At 10:15 pm, Blogger reverendtimothy said...

What an awesome story. :-D

I was planning to fit in a ladder-related pun about a "step in the right direction" or something, but decided it'd be too obscure.

It's nice to know they've got a plan for the mentalists... so what's the BOE gonna do about the rising bullying/suicide rate?

I hear the education system is currently under review, so it'll be interesting to see where it goes.

 
At 3:20 pm, Blogger Between daisies said...

The same as always, the guys doing the reviewing are not necessarily the guys with the expertise and knowlege in the area. One of them is the chairman of a dairy foods company... He is there for efficiency, which is the last thing you need in a school. Schools need redundancy to make sure all the problems get dealt with.

The bullying comment is highly justified. There is real potential to save lives and childhoods by addressing this. The main problem is that most people refuse to aknowlege that there is a problem at all. Aparently Japan has the fewest mental health specialists per capita of any advanced country, but the highest suicide rate...

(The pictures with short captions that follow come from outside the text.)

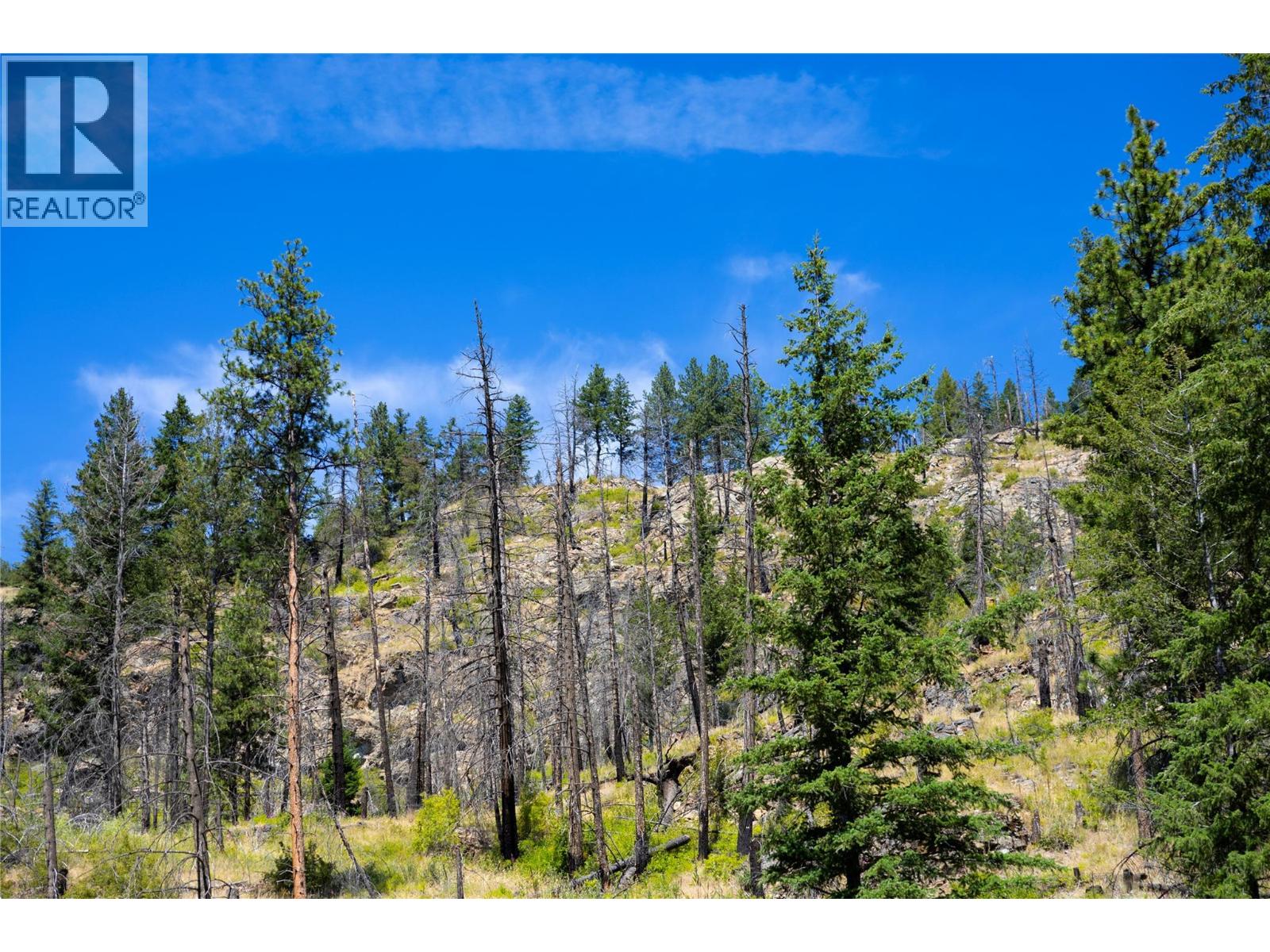  6090 Highway 33 Other, Kelowna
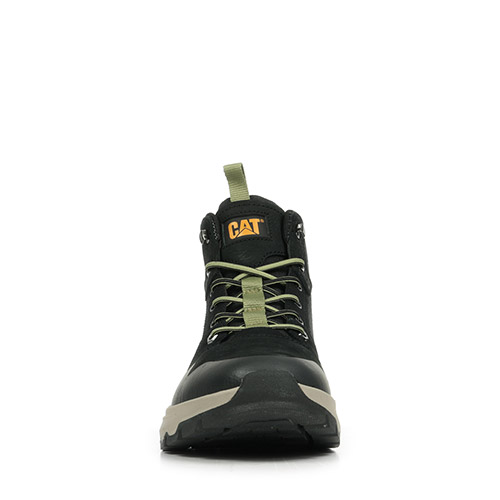 Caterpillar Colorado Sneaker Boots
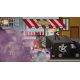 Bully Beatdown - Platforma Steam cd-key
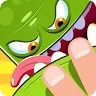 Icon: Mmm Fingers 2
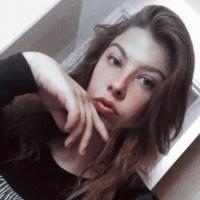 Катерина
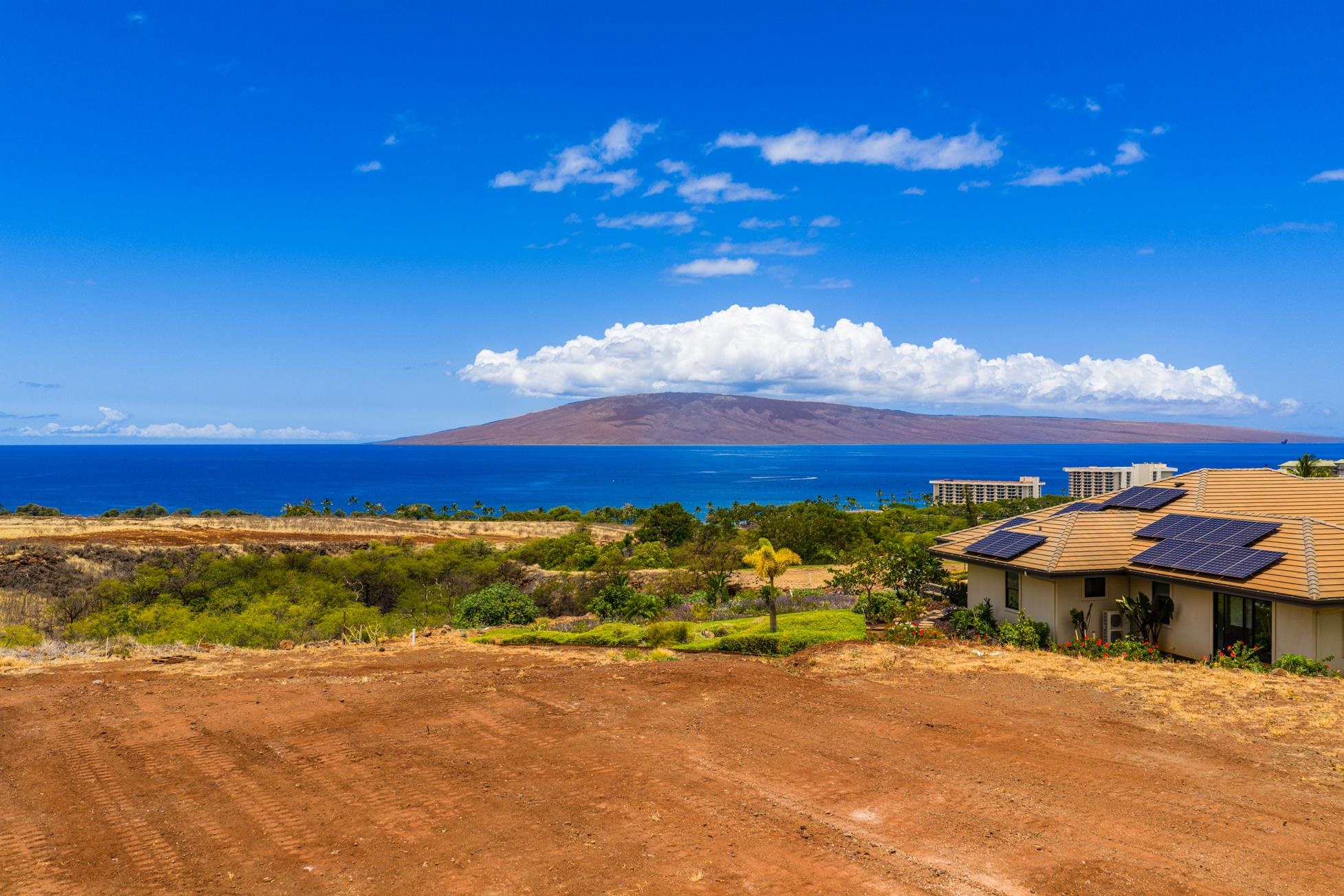 464 Anapuni Loop, Unit LOT 46 Lahaina, HI 96761 - Photo 3 of 10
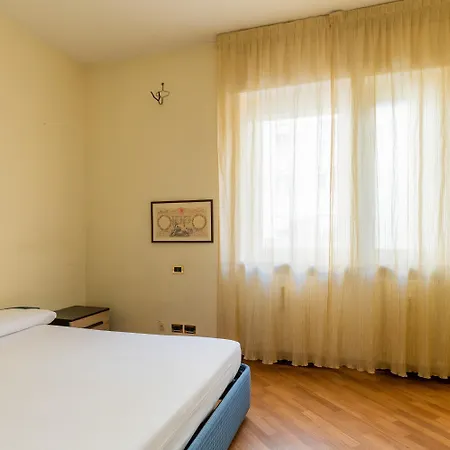 Family Elegant By Wonderful Italy 公寓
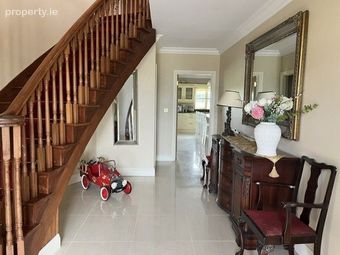 Gorse Lodge, Mountainstown, Dunleer, Dunleer, Co. Louth - Image 3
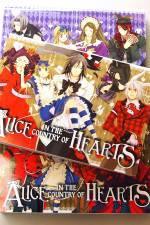 Watch Alice in the Country of Hearts Alluc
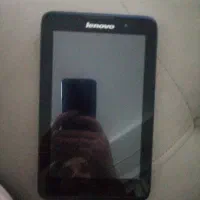 تبلت لنوو A3500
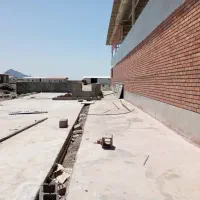 شراکت سرمایه گذاری در کارخانه رب گوجه واب معدنی|فروش دفتر صنعتی، کشاورزی، تجاری|توکهور, |دیوار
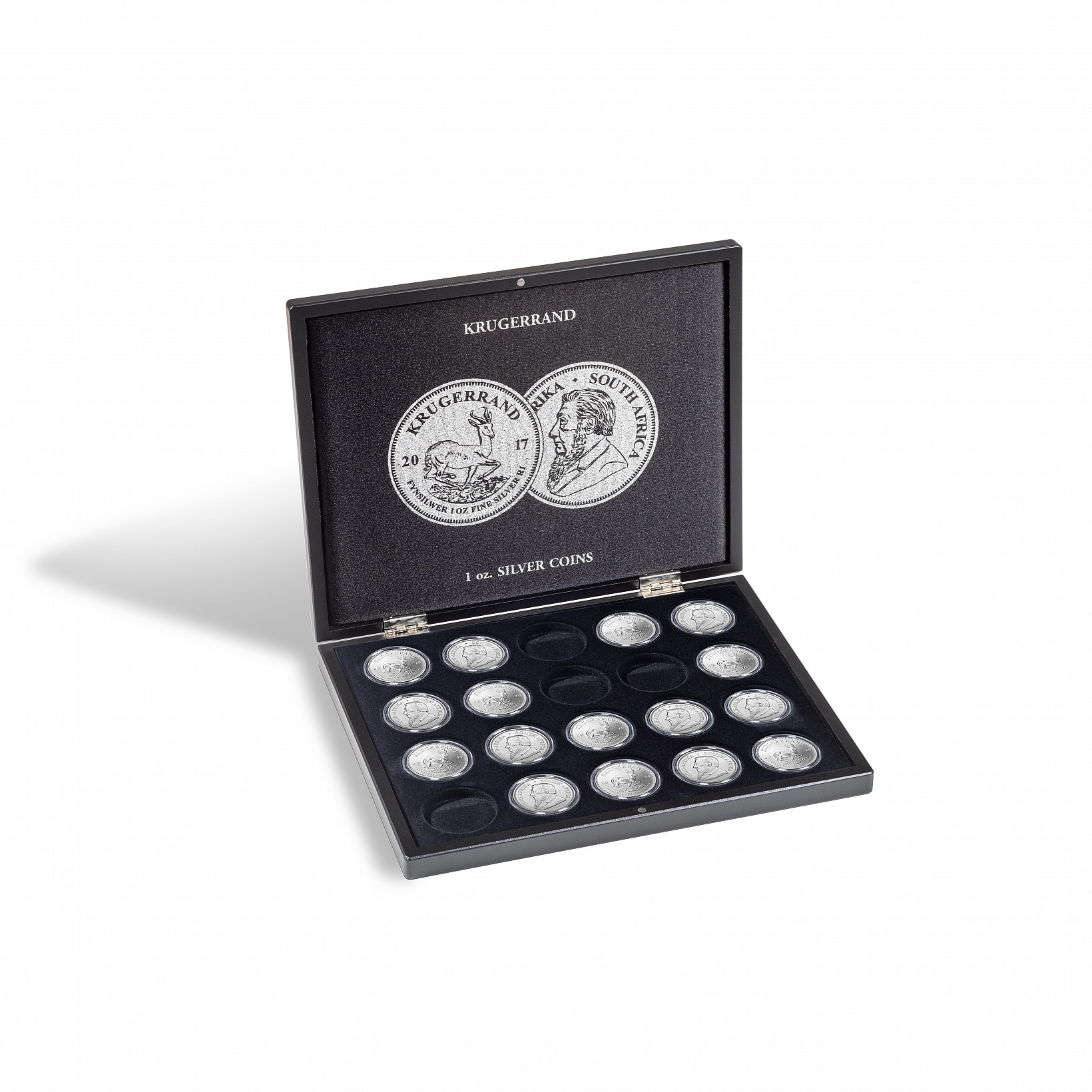   presentation-case-for-20-krugerrand-silver-coins-1-oz-in-capsules-1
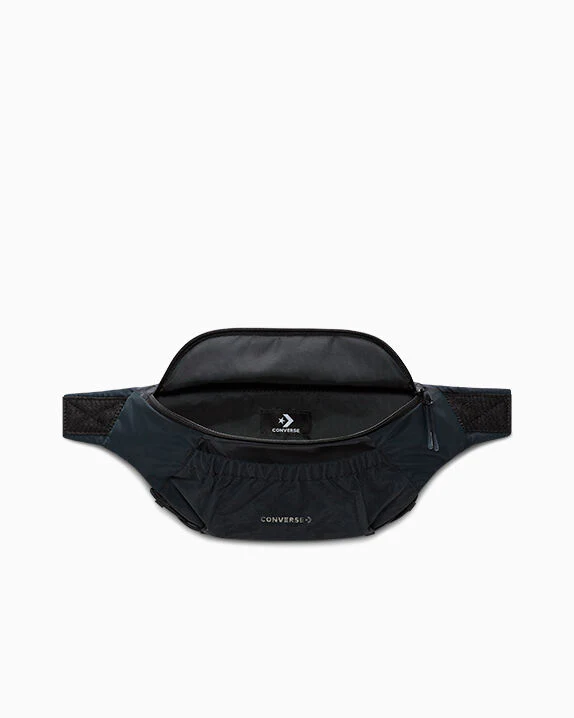 Active Crossbody Bag - Image 6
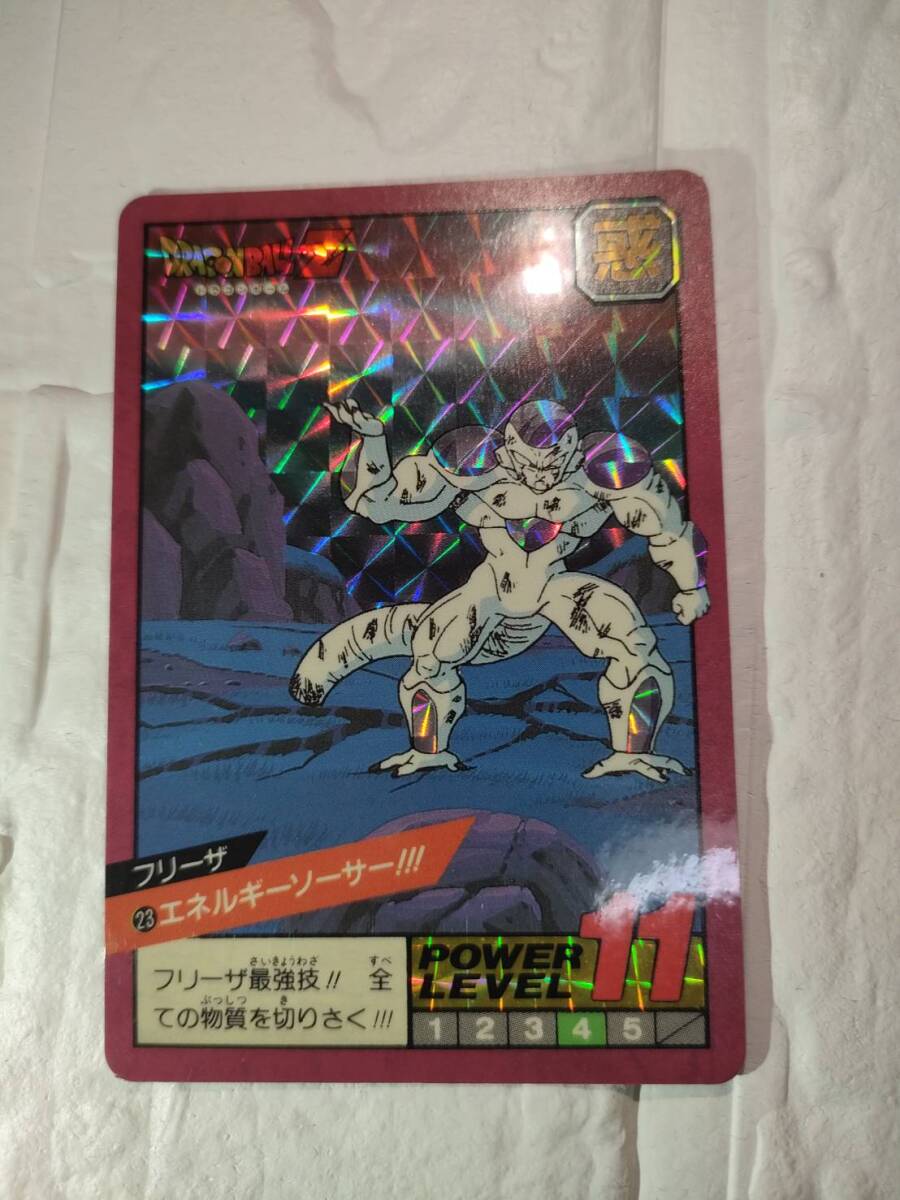 Yahoo!オークション -「ドラゴンボールスーパーバトル」の落札 Yahoo!オークション -「ドラゴンボールスーパーバトル」の落札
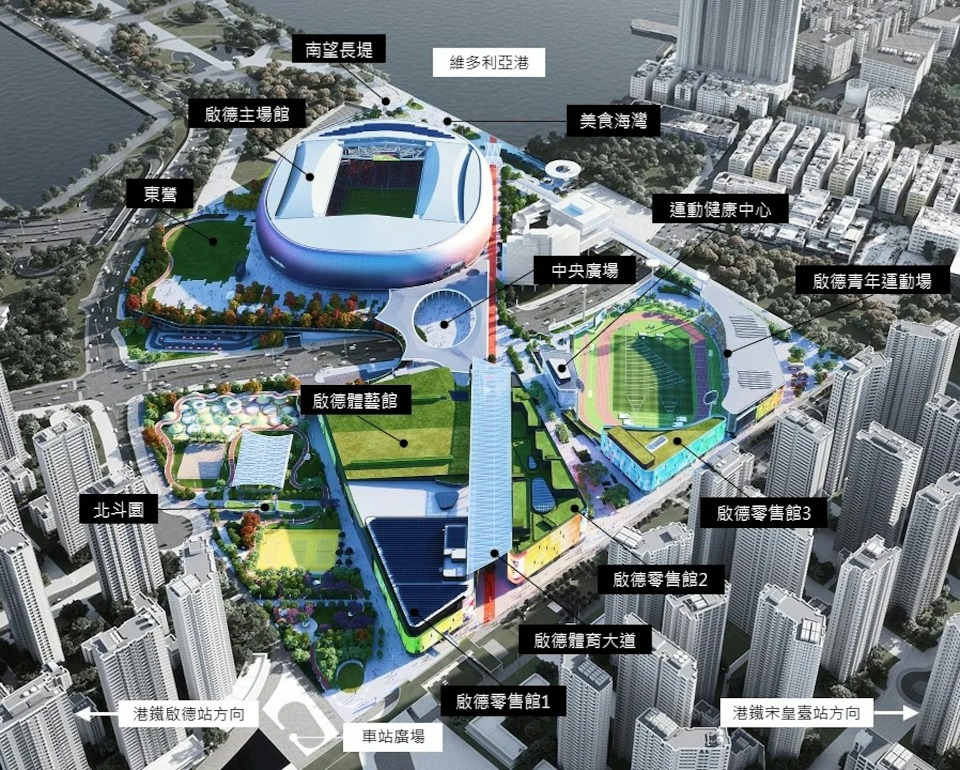 门将连续零封刷新纪录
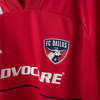 fc-dallas-tenue-2020-2021.jpg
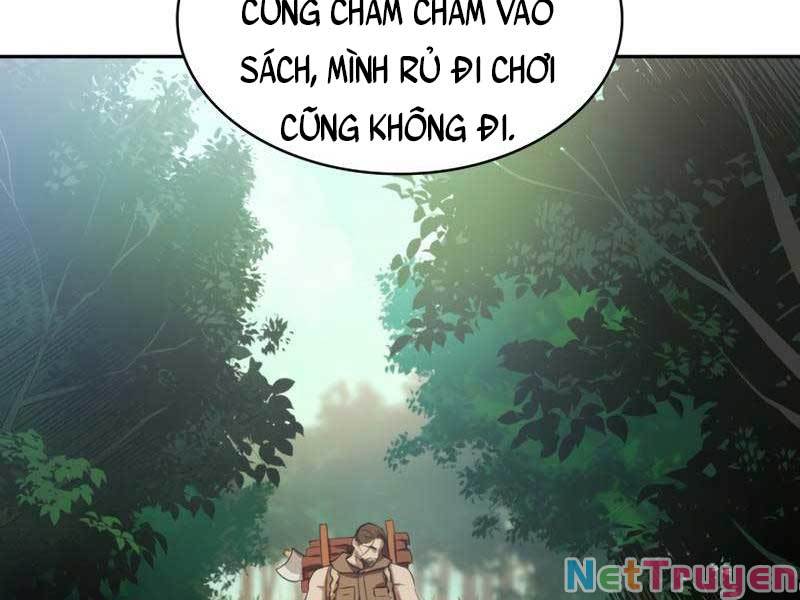 Đại Pháp Sư Toàn Năng Chapter 1 - Trang 114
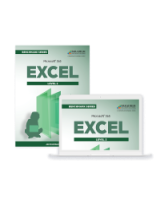 Benchmark Series: Microsoft 365 Excel Level 2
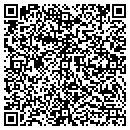QR code with Wetch & Sons Drilling contacts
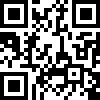 https://isna.ir/xdHwsy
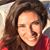 Hibbah El Sayad's profile image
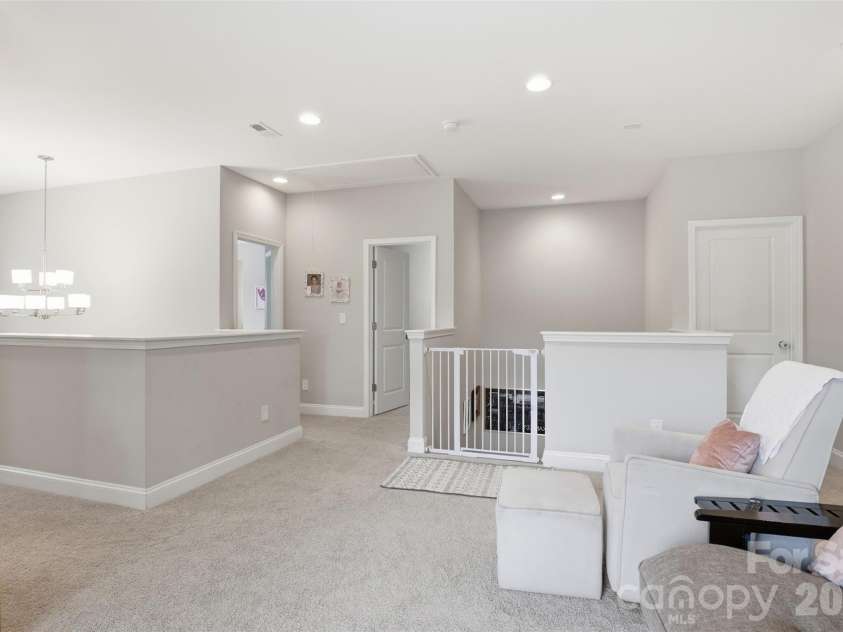 2705 Suffolk Place, Fort Mill, SC 29715.  MLS# CAR4398709, YatesRealty ID 49710. 
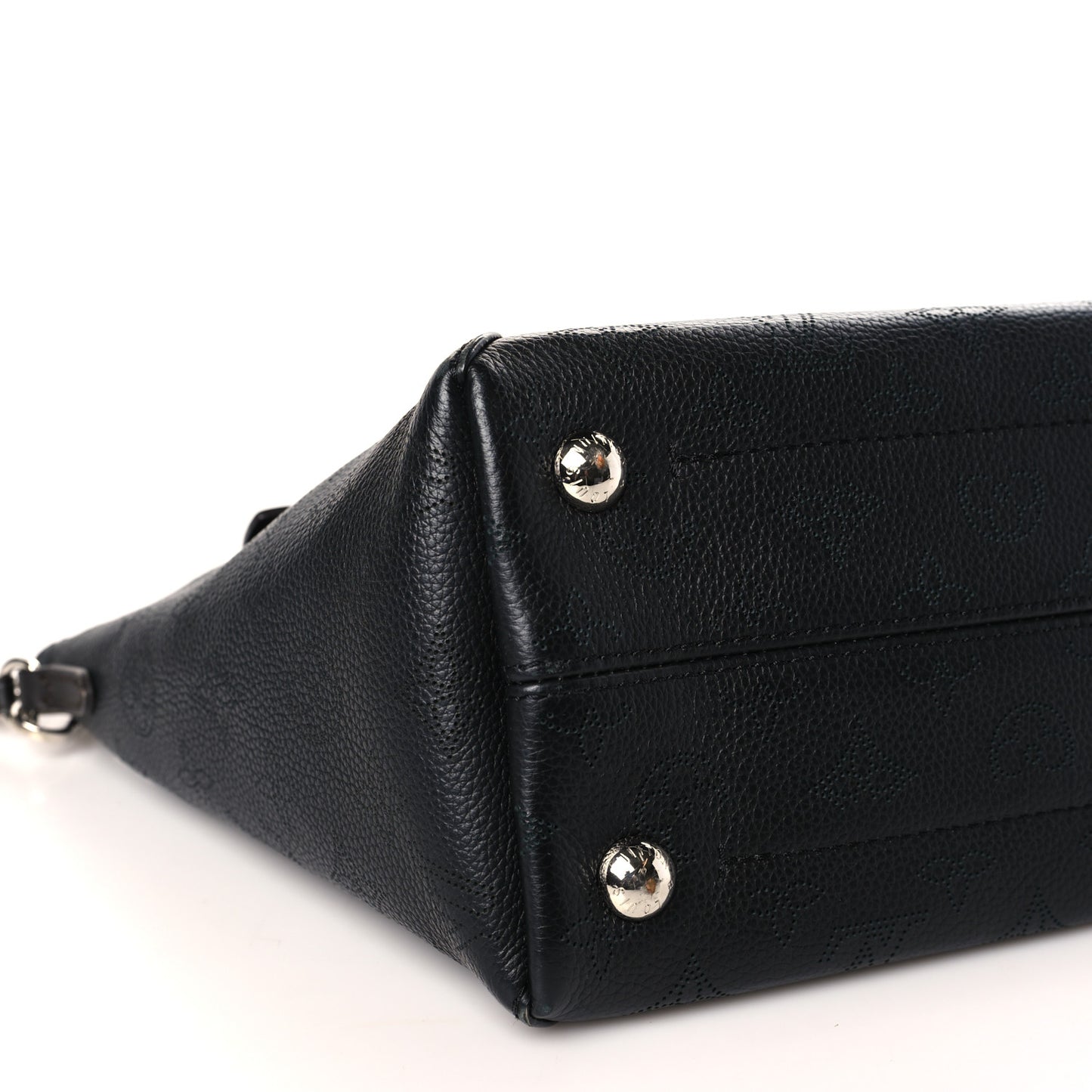 Mahina Hina PM Black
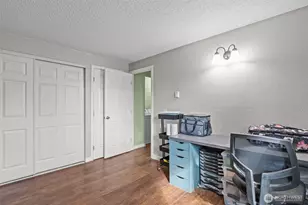 1711 4th Ave NW, Puyallup, WA 98371 - Photo 23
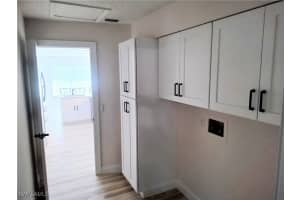 240 46th Terrace, Cape Coral, FL 33904 - MLS#224061097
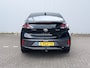 Hyundai Ioniq EV 136pk Aut Comfort | Trekhaak | Navi | Cruise & Climate Control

The bullying thing is another one of these schemes that they have got going. I know the kids that are doing it and give them a bollocking whenever I catch them, but different people have different perceptions of the problem / lack of one. The major issue is the senpai / kouhai system at Junior High. It means the senior kids are in charge of the younger kids, irrspective of character. Kind of like saying everyone is a prefect. Not good because the Japanese schools have their share of rapscallions same as any country. It is my strongly held opinion that japanese kids are not as good as they are said to be. The worst kids are not that bad, but the best kids are really not that good.

Anyway, thanks for reading!

 
At 10:02 am, Blogger Ultra Toast Mosha God said...

"Drop the fucking knife!"

Brilliant!

That schwarzenegger schooling. The umbrella trick soudns ridiculous, though very dashing if one could pull it off. Pai Mei meets John Steed, if you will.

 
At 4:21 pm, Blogger Between daisies said...

I, will thanks! I'll need a fairly crisp looking suit, though. I know he is fairly strict on these things. Has Pai mei already agreed?